× Beranda Layanan Survey & Statistika Pengumuman Download Produk Hukum Berita Kontak

Detail

Ukur Efektivitas Pembinaan Manajemen ASN, Kanreg II BKN Susun Indeks Kepuasan

Sidoarjo - Humas Kanreg II BKN, Evaluasi memegang peran penting dalam penyelenggaraan pelayanan publik. Tanpa adanya evaluasi pelayanan publik tidak akan menuju pada perubahan yang diharapkan. Kantor Regional II BKN Surabaya sebegai salah satu instansi pemerintah yang memiliki tugas fungsi memberikan pelayanan di bidang kepegawaian melakukan evaluasi salah satunya melalui survei kepuasan masyarakat.
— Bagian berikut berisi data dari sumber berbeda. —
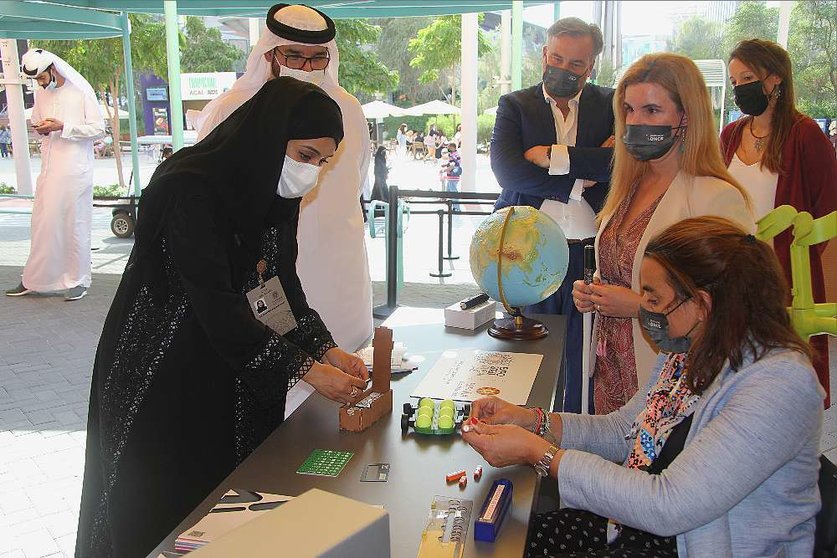 S.E. Hessa Essa Buhumaid, ministra emiratí de Desarrollo Comunitario, durante su visita al Pabellón de España en Expo 2020 Dubai. (@ExpoSpain2020)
Survei ditujukan untuk instansi daerah dan ASN di wilayah kerja Kanreg II BKN  setelah melakukan berbagai pelayanan kepegawaian. 

1_1

Selain pelayanan kepegawaian, kanreg II BKN juga bertanggungjawab membina manajemen ASN di wilayah kerja Jawa Timur. Untuk mengoptimalkan peran tersebut, Kanreg II BKN menyusun indeks kepuasan masyarakat yang spesifik mengukur dan mengevaluasi penyelenggaraan pembinaan manajemen ASN. Hal tersebut disampaikan oleh Heru Purwaka, Kepala Kanreg II BKN, dalam Rapat Penyusunan Indeks Kepuasan Masyarakat (IKM) Terhadap Pembinaan Manajemen ASN yang diselenggarakan pada Rabu (28/7/2021) secara virtual. Heru menuturkan, "IKM ini menjadi bagian yang tidak terpisahkan dari laporan kinerja dan merupakan bahan evaluasi sebgai data dukung dalam melaksanakan Reformasi Birokrasi 2021. Sehingga ini sangat berpengaruh pada nilai capaian Reformasi Birokrasi (RB) Kanreg II BKN."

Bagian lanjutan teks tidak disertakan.